Salafis often seem like they are always judging others.  Salafis will argue this point, but from what I have experienced in the United States and Egypt, this is true.  They follow strictly the harshest views of Islam, including that Muslims should not befriend or associate with Christians.  Salafis think lower of women's rights, such as women can not hold public office, and must wear traditional Arab clothing (niqab and abaya-black).  Salafis are great at recruiting new Muslims to Islam but tend to paint a very black and white picture for them, often resulting in many leaving Islam.  To a Salafi, anyone who doesn't follow their strict rules is viewed as an infidel.  Again their attitude is, we're right, and you're wrong.

What we don't tend to see much of anymore is the moderate Muslims.  Again, while I hate the use of segregating terms, it is used here to distinguish between two extremes. Nothing more.  My husband and I view ourselves, and most of the people we associate with, moderate Muslims.   We believe that hijab is a requirement, we believe women can be educated, hold public office, and work (though her first duty is to God and her family). We believe Sharia has it's place in the world, but also acknowledge that religion is not supposed to be compulsory. We follow true Sharia in that is should only be used in judging Muslims, and not in judging others outside Islam. We believe homosexuality is forbidden and that associating with a non-Maharam outside of a professional setting is wrong.  We don't believe we are always right, and have the ability to have religious conversations, some other extremes do not.  We commit sins; everyone does.  The difference between moderate Muslims and the other two extremes is that we acknowledge that they are sins and do not represent Islam.  We are wrong, Islam is not, it is no one's fault but our own.   We do not blame one group or the other for our mistakes.  We pray that we become better Muslims and ask God to forgive us.
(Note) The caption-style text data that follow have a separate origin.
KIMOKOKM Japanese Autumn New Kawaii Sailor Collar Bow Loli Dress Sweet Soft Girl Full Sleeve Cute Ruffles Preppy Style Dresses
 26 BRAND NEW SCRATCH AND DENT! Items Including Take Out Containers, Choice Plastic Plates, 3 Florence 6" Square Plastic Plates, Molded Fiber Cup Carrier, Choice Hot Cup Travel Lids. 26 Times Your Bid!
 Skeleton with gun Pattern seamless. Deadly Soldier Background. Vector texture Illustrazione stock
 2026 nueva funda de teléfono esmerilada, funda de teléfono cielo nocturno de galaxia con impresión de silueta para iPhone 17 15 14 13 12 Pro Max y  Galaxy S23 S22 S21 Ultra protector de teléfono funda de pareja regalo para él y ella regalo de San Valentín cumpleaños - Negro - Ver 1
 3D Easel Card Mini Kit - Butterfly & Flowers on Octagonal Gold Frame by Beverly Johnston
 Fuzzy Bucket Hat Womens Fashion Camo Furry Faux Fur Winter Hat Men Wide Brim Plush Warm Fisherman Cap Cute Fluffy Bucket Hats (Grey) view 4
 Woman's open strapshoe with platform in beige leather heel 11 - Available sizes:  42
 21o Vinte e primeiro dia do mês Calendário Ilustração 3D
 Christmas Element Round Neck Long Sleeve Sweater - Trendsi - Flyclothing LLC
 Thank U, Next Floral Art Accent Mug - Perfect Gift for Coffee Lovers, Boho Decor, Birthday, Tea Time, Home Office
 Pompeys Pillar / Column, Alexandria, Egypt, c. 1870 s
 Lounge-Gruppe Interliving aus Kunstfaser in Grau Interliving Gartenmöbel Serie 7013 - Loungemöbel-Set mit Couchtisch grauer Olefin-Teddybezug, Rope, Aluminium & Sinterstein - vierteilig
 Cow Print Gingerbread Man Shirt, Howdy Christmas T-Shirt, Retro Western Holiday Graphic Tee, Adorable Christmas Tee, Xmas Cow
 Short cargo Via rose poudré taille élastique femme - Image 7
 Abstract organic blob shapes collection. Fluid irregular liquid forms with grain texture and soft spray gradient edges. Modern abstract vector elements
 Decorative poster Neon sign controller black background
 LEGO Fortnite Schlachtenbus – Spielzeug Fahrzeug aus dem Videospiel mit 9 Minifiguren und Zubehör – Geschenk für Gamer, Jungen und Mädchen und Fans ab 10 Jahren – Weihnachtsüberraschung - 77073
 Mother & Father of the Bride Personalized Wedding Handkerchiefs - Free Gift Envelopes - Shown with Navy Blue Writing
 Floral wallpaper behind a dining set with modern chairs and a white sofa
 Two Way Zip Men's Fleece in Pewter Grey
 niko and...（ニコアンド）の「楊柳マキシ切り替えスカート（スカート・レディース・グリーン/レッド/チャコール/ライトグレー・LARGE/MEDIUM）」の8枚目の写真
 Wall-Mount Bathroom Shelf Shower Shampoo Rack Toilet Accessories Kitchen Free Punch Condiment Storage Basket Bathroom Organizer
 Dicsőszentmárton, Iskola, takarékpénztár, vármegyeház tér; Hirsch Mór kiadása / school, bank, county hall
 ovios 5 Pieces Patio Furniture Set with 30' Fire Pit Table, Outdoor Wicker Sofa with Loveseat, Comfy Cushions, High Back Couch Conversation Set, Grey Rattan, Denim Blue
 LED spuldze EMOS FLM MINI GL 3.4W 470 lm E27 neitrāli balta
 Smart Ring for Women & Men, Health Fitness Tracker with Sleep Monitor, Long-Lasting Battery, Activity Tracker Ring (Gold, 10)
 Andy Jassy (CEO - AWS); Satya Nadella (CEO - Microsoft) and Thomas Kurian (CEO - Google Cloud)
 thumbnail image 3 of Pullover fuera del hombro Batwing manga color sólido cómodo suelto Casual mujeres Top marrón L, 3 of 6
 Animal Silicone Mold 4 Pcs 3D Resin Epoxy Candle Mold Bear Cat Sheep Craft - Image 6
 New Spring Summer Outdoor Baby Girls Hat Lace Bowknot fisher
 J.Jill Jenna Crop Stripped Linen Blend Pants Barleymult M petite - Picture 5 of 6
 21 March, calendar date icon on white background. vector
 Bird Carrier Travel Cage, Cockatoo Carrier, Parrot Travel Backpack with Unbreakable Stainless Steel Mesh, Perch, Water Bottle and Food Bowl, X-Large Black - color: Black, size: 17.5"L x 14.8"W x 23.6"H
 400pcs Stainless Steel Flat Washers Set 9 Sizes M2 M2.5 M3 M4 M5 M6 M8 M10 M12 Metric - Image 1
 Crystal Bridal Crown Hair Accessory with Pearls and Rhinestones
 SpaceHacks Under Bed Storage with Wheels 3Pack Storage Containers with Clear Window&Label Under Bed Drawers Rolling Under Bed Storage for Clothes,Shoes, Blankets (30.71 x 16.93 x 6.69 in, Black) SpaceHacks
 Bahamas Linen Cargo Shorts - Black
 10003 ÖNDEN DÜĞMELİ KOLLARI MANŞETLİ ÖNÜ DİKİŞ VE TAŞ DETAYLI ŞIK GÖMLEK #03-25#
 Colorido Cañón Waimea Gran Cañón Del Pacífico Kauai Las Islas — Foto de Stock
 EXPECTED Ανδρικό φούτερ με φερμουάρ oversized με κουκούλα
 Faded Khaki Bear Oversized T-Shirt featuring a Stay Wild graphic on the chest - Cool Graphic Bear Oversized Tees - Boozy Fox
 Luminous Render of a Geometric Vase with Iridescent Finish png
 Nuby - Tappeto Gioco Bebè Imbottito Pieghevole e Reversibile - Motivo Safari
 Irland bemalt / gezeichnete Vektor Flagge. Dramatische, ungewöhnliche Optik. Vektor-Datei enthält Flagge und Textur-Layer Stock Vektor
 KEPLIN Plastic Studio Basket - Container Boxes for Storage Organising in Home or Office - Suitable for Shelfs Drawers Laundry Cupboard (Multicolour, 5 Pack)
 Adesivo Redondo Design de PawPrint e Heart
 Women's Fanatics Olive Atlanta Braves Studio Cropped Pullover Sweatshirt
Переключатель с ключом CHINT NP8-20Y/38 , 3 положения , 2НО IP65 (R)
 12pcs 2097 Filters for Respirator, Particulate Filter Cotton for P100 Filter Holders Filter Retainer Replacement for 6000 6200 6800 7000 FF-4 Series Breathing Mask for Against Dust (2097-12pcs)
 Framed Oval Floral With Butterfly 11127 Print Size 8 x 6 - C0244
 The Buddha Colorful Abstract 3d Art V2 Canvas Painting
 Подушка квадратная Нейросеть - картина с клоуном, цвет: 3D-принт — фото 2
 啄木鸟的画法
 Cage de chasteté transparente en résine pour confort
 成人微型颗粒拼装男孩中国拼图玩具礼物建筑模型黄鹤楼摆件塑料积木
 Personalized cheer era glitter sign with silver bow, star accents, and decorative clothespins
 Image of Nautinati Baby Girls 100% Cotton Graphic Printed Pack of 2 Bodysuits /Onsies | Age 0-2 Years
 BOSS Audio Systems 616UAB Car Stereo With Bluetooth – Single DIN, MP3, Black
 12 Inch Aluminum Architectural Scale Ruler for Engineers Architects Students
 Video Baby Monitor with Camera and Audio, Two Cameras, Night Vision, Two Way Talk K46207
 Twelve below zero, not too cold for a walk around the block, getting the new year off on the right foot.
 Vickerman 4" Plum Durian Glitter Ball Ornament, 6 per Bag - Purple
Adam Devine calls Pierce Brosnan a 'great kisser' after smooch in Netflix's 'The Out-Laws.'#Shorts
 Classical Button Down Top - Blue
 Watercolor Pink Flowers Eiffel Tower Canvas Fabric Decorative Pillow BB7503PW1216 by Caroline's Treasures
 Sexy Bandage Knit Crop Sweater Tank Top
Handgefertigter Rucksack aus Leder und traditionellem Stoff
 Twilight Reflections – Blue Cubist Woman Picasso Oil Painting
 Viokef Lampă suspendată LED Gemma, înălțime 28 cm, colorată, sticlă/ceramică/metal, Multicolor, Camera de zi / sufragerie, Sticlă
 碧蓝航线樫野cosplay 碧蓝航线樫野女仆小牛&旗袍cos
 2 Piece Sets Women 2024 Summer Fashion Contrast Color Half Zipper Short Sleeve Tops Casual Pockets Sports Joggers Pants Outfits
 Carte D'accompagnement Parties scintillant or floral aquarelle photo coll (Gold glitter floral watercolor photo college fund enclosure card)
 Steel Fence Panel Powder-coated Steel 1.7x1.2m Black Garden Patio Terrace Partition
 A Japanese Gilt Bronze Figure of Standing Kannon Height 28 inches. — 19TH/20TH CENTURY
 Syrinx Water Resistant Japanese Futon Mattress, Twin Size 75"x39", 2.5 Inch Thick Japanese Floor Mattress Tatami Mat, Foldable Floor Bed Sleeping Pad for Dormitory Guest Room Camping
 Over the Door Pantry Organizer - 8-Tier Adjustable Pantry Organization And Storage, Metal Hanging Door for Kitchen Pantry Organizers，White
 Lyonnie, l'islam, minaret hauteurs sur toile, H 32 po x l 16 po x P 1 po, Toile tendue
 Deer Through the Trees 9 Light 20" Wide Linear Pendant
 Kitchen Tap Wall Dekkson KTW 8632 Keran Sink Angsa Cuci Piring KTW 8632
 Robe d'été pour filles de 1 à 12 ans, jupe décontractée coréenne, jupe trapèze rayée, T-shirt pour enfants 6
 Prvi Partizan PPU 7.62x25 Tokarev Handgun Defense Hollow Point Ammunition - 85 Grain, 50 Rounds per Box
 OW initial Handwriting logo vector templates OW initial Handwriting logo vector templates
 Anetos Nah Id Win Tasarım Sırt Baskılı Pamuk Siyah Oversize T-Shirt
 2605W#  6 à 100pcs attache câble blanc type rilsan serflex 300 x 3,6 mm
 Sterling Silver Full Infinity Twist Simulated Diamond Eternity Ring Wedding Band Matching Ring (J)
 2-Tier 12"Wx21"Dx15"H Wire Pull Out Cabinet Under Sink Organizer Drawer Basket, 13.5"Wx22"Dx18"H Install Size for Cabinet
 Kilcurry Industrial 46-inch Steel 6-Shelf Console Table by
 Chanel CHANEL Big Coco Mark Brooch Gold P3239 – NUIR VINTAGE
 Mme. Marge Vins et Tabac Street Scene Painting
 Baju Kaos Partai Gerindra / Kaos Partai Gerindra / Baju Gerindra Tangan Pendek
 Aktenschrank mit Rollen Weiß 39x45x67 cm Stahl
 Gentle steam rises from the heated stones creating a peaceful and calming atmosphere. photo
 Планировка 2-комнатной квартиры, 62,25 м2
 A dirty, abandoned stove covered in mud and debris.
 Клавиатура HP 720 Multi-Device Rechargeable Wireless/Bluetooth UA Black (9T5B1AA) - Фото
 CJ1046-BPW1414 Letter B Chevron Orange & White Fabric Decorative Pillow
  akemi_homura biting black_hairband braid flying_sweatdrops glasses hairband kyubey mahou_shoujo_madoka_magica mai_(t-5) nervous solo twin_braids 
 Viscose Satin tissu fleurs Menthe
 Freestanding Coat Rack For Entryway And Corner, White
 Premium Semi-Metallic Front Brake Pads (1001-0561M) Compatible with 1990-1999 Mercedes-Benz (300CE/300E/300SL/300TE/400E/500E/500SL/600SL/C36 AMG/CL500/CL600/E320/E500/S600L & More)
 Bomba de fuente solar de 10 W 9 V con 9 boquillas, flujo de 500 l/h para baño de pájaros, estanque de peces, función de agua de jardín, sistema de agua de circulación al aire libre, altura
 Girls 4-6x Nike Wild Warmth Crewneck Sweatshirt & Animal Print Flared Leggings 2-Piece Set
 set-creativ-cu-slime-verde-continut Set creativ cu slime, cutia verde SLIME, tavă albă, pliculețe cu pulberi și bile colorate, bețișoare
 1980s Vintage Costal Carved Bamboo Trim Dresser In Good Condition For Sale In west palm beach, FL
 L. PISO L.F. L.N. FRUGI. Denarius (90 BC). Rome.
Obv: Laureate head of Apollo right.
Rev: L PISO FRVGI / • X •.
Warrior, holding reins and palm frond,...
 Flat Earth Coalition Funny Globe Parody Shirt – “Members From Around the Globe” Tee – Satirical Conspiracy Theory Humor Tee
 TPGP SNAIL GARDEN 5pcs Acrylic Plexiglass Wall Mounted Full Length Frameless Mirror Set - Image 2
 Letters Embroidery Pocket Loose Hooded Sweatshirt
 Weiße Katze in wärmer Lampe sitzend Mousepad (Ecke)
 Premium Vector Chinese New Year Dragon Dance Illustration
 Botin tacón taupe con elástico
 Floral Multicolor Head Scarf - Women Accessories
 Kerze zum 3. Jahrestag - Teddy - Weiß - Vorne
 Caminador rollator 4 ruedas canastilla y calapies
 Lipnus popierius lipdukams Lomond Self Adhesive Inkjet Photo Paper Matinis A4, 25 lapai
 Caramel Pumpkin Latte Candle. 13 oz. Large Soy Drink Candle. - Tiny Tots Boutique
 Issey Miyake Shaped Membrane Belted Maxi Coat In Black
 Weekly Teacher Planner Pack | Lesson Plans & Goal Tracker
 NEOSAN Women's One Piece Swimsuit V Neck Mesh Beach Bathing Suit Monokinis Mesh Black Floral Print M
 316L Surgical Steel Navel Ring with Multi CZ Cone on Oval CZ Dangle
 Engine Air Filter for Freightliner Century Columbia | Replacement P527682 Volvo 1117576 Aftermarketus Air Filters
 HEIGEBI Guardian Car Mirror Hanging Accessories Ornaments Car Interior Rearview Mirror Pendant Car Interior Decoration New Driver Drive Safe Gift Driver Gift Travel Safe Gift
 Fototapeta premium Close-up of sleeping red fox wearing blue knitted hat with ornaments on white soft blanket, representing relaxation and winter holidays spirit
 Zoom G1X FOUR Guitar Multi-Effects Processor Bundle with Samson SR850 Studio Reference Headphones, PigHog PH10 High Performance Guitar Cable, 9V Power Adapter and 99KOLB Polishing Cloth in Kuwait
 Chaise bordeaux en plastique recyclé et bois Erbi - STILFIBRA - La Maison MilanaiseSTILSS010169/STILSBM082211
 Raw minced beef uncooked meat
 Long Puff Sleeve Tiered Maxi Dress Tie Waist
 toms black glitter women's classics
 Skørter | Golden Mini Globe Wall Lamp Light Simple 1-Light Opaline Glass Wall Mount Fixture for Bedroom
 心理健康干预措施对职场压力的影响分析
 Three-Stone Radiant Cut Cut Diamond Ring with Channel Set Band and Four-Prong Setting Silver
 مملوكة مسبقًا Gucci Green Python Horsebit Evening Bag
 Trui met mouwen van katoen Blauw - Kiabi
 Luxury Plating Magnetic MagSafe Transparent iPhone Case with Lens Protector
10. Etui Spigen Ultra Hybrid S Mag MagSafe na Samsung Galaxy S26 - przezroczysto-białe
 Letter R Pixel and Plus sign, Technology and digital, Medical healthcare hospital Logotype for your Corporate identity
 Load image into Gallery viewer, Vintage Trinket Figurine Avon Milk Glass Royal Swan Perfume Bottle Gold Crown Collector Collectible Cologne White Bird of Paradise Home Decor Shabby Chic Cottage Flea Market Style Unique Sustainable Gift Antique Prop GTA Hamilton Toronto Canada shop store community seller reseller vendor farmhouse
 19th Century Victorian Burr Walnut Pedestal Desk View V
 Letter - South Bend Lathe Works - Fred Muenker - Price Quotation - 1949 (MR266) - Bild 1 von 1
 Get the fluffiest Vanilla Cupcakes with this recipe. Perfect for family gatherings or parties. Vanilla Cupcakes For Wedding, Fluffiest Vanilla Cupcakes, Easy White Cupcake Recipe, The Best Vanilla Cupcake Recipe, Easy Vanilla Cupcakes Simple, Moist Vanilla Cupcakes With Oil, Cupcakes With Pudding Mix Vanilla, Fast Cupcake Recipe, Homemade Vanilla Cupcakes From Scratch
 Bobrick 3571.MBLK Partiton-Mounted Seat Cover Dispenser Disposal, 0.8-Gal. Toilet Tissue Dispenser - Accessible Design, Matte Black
Muslims make mistakes; we are all humans.  No human is perfect, but our religion is.  Interpretations can be misguided and wrong (extremists of all ends of the spectrum come to mind).  Instead of fighting against one another and blaming each other, isn't it just easier to acknowledge we are sinners and ask God for forgiveness? Why do we have to segregate ourselves from one another? One extreme to another?  In a time where so many people are against peaceful Muslims, we are making it only harder on ourselves and non-Muslims to understand our religion by dividing.  Instead of spending so much time pushing against other Muslims, that time could be spent repairing our image and coming together to become better Muslims in the eyes of God.  Isn't that what matters most?  Not who is right and who is wrong?

Please note:  When talking about extremists I am not referring to Daash or ISIS/ISIL.  They are an entirely different extreme that can not be brought together and are a terrorist group. I do not support terrorism, Daash, or ISIS/ISIL.